I also went on two backpacking trips last summer, in the Eastern Sierras. Usually I go with friends but because of the pandemic, I decided to go on my own. I camped near lakes, with ridiculous views of the surrounding peaks, some covered with snow, some sheltering glaciers. These mountains have been there for millennia: in the earliest available photographs of them, they look exactly the same. It’s overwhelmingly beautiful, and the silence—not really silence, since you can hear rivers flowing and birds singing and fish leaping out of the lakes at dusk, but more a lack of human noise—is profound. There’s something about being there, in the midst of such grandeur, that helps me put things in perspective. It reminds me of the bigger scheme of things, of the power of time. This moment—in my life, and in the life of our country—will pass. It is difficult, and we’ve got a ways to go, but it will get better. My appreciation of the beauty in the world—back in April, and now—isn’t just about distraction.
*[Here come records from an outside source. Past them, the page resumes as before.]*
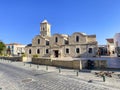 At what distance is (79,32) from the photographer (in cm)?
4891

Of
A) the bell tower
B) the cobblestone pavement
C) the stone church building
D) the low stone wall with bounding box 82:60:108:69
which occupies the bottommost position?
the cobblestone pavement

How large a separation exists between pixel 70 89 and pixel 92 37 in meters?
38.8

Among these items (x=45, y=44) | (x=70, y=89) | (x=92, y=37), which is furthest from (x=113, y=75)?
(x=45, y=44)

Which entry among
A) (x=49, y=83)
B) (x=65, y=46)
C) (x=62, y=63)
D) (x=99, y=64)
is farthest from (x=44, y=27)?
(x=49, y=83)

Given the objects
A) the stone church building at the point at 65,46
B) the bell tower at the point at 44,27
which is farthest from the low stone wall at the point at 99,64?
the bell tower at the point at 44,27

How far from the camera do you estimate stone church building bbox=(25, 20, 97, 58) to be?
154 ft

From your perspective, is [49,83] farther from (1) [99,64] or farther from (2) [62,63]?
(2) [62,63]

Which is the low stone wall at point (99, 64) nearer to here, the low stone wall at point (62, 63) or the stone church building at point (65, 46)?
the low stone wall at point (62, 63)

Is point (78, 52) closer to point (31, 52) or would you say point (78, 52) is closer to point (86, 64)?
point (31, 52)

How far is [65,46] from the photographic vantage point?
166 feet

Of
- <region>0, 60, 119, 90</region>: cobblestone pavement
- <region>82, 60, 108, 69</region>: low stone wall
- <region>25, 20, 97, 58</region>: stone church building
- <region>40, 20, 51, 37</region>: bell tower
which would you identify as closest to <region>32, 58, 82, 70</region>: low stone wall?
<region>82, 60, 108, 69</region>: low stone wall

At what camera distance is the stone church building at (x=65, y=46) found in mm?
47031

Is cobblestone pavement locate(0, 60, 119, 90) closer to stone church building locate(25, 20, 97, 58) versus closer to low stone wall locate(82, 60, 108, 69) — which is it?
low stone wall locate(82, 60, 108, 69)

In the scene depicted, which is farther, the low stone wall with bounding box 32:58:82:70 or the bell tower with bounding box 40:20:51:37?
the bell tower with bounding box 40:20:51:37
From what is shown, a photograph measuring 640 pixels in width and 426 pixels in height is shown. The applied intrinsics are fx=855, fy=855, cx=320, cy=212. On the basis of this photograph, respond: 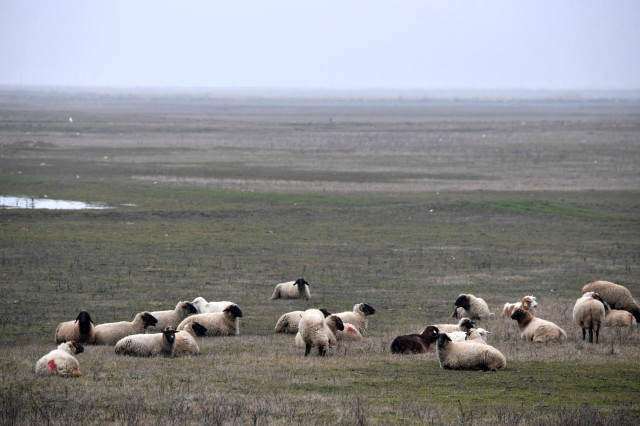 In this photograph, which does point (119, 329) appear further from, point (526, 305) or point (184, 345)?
point (526, 305)

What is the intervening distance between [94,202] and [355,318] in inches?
955

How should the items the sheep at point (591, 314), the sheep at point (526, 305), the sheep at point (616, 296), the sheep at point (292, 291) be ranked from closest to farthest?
1. the sheep at point (591, 314)
2. the sheep at point (526, 305)
3. the sheep at point (616, 296)
4. the sheep at point (292, 291)

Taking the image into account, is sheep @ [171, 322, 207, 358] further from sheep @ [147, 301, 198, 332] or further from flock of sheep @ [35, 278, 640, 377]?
sheep @ [147, 301, 198, 332]

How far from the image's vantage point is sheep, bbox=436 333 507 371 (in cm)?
1370

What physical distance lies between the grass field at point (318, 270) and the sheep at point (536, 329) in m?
0.31

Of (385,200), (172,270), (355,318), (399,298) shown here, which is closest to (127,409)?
(355,318)

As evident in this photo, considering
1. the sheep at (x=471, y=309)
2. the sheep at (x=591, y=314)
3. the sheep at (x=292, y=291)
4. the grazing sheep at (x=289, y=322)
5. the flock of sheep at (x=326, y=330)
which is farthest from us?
the sheep at (x=292, y=291)

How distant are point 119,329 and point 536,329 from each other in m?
7.94

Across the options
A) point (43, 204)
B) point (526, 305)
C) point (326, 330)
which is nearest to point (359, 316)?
point (326, 330)

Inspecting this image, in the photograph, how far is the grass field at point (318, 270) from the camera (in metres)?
11.7

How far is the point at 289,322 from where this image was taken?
1725 cm

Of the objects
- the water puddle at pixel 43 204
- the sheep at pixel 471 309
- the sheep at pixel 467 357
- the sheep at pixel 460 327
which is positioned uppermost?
the sheep at pixel 467 357

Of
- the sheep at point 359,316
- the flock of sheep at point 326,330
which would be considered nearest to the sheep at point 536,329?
the flock of sheep at point 326,330

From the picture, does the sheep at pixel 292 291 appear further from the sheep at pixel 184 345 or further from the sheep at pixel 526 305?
the sheep at pixel 184 345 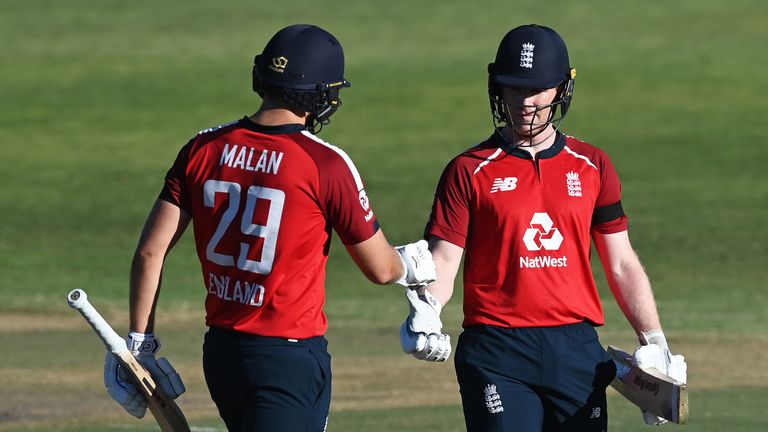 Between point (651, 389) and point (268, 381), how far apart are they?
1692 millimetres

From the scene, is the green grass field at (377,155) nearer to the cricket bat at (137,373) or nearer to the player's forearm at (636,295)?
the player's forearm at (636,295)

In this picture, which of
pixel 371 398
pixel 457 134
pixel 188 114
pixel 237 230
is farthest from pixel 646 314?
pixel 188 114

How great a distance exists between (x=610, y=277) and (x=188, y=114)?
3084 cm

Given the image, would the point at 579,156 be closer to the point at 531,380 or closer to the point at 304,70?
the point at 531,380

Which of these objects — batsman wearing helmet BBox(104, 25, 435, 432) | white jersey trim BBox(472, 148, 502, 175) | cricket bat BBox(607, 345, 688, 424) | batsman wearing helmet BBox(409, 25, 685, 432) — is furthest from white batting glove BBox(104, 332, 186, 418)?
cricket bat BBox(607, 345, 688, 424)

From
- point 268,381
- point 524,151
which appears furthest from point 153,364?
point 524,151

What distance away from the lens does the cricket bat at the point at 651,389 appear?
668cm

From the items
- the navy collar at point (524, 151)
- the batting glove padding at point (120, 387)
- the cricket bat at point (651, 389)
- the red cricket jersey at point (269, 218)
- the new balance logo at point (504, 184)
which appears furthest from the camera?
the navy collar at point (524, 151)

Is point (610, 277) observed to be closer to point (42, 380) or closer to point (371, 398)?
point (371, 398)

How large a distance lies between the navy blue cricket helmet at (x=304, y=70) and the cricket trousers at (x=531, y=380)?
121 centimetres

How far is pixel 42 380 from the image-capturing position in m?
14.3

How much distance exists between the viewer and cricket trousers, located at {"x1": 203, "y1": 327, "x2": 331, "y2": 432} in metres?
5.98

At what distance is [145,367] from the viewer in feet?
21.0

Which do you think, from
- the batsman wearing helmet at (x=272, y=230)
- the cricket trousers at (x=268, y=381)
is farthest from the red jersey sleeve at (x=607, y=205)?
the cricket trousers at (x=268, y=381) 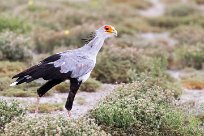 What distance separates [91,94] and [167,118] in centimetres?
447

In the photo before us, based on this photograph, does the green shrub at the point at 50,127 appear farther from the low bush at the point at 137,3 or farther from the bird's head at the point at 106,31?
the low bush at the point at 137,3

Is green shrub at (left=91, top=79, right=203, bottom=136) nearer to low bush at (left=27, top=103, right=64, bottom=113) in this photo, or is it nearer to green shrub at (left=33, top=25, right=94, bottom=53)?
low bush at (left=27, top=103, right=64, bottom=113)

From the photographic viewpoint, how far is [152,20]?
A: 2858 cm

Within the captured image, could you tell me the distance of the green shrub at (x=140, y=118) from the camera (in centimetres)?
984

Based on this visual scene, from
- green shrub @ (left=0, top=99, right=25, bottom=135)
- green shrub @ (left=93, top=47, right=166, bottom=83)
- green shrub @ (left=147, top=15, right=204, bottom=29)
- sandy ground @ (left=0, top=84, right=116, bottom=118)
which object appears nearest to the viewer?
green shrub @ (left=0, top=99, right=25, bottom=135)

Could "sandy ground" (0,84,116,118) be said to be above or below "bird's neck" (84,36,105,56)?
below

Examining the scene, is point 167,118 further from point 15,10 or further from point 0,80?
point 15,10

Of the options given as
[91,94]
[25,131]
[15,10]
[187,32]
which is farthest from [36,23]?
[25,131]

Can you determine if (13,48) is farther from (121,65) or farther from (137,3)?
(137,3)

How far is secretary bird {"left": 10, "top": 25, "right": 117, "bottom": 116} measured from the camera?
9.87 m

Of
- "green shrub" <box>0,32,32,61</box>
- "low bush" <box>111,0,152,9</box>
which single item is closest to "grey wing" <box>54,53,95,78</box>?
"green shrub" <box>0,32,32,61</box>

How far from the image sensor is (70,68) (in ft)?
33.0

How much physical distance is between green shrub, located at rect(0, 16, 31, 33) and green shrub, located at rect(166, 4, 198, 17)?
1227 centimetres

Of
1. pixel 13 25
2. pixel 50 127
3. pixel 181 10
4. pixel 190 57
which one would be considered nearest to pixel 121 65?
pixel 190 57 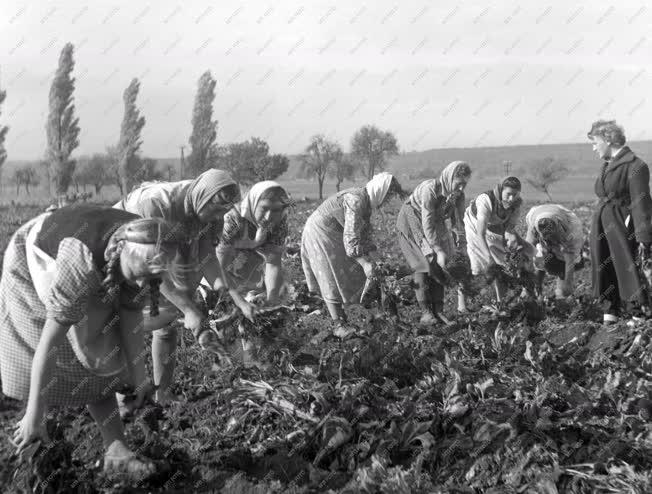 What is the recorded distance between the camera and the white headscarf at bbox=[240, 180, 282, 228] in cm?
477

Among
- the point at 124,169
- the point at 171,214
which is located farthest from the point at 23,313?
the point at 124,169

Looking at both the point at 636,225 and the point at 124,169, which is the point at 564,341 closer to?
the point at 636,225

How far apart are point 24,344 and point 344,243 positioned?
277 centimetres

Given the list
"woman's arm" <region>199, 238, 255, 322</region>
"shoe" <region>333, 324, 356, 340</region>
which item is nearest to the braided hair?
"woman's arm" <region>199, 238, 255, 322</region>

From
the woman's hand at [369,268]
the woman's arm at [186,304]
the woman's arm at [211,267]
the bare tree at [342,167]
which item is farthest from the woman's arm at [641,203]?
the bare tree at [342,167]

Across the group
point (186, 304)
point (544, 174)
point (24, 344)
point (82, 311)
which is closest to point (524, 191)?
point (544, 174)

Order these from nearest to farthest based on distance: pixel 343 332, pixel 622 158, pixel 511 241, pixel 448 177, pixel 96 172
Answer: pixel 343 332, pixel 622 158, pixel 448 177, pixel 511 241, pixel 96 172

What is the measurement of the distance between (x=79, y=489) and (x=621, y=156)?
4.51 m

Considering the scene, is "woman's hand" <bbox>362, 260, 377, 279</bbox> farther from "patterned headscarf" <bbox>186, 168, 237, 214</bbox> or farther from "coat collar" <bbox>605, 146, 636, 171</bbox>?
"coat collar" <bbox>605, 146, 636, 171</bbox>

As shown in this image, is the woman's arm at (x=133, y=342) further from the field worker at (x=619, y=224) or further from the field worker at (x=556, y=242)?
the field worker at (x=556, y=242)

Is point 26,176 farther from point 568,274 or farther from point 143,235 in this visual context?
point 143,235

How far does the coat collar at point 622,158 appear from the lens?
5.29m

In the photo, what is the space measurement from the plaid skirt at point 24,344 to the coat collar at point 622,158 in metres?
A: 4.24

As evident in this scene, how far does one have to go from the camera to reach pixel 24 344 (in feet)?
9.16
It’s about finding those moments of exhilaration and peace to help fortify me for the challenges.

Finally, I’ve been moved by the beauty of people—from the frontline health care workers who’ve worked tirelessly to care for the rest of us; to the poll workers who helped ensure that our democracy survived; to the teachers who’ve been creative in keeping their kids engaged and learning; to the local nonprofits who’ve provided food and shelter to families in need; to the countless acts of kindness that folks have bestowed upon others through this difficult and isolating time. It’s so easy these days to focus on all the conflict and ugliness—there’s so much of it. But there are also many, many people who are behaving in big-hearted, generous and heroic ways. That gives me hope for the future.